There's many reasons, so I'll give it a try:

- There's a few apps here. Plus a bunch of tools.

- The Facebook app is huge in terms of features. Just look at the menu with more things. I use very few of them, yet they're all pretty popular and justify themselves.

- Instagram is smaller than Facebook, but still has a lot in it.

- A lot of our code was optimized over time in many ways that add a lot of edge cases: internationalization, accessibility, optimizations for dealing with media, loading and data. It's can be easy to write something with much less code that looks pretty good at first sight, but all those extras really make the experience better and pay off for users.

- We build new features all the time, some code may be unreleased, some is in A/B testing and so you can have two or more pieces of code that do the same.

- A lot of test code.

- Not that much dead code. Trust me. I love deleting code! And I will happily spend time removing bloat. There's definitely a lot of dead code to remove, but it won't change those top line numbers by much.

(Also, it's 10M Kotlin lines of code, we have much more)

(I would love to know how many lines of code the other really big companies with big mobile apps have for comparison)


Please see The Thirty Million Line Problem https://www.youtube.com/watch?v=kZRE7HIO3vk


> just

Where did this come from?


I too would like to know how this is justified.

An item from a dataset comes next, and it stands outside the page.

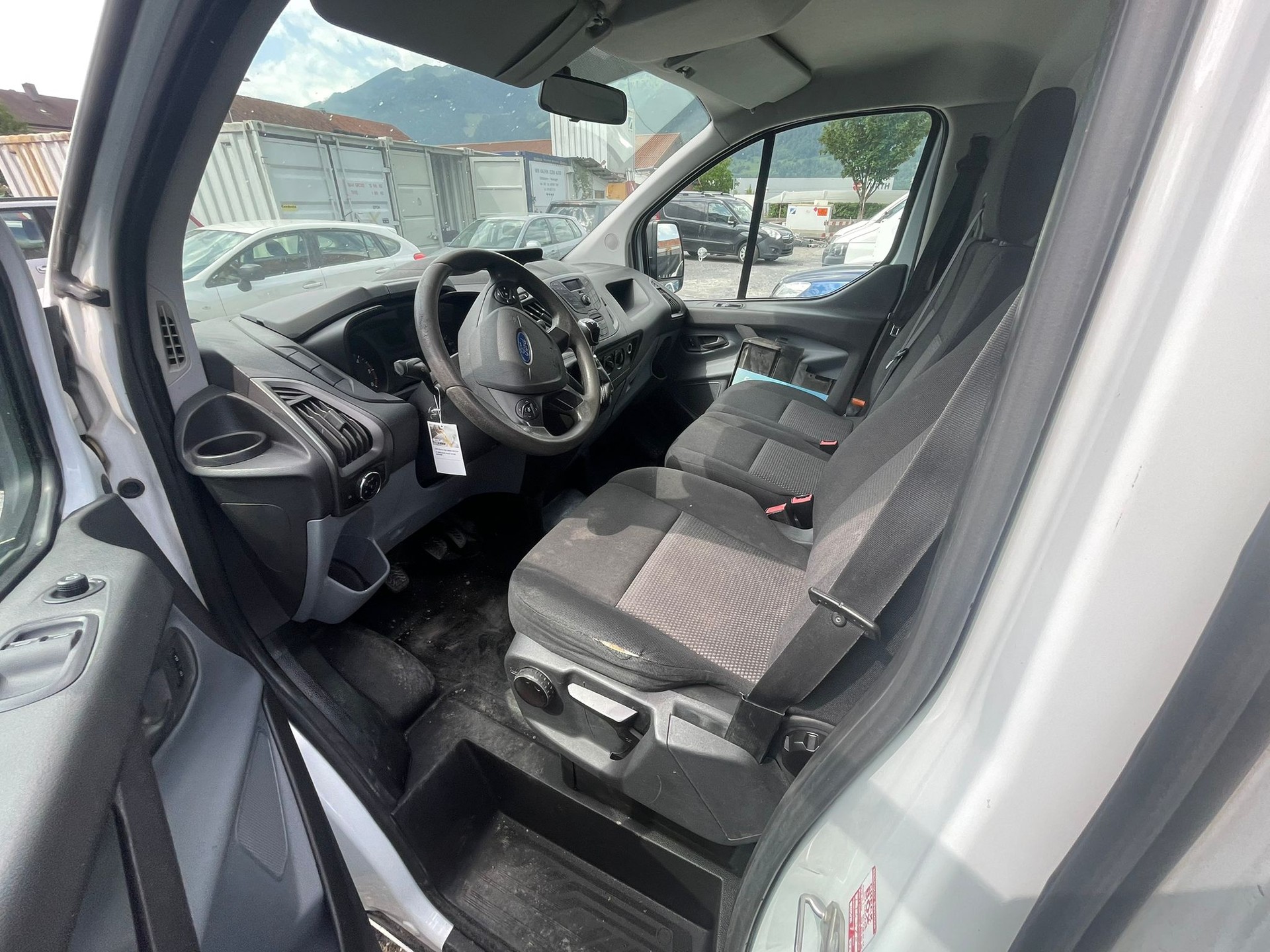 FORD Transit Custom Van 250 L1H1 Level 2-image-4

> Today, our Android apps for Facebook, Messenger, and Instagram each have more than 1 million lines of Kotlin code, and the rate of conversion is increasing. In total, our Android codebase has more than 10 millions lines of Kotlin code.

Probably 1000 engineers working on an app with each writing 1000 lines of code. I am not surprised Facebook app has >1 million lines of code. The app is bloated with features that it's user unfriendly.


I have parents that are pretty not tech literate (they didn't how to save contact or send SMS) but they have no trouble navigating Facebook app for the core set of features they use.


I would like to know your arguments against it. How would you define a maximum count of LOC, why would you set that particular limit, and how would you address the "problem" if your team were to hit that limit?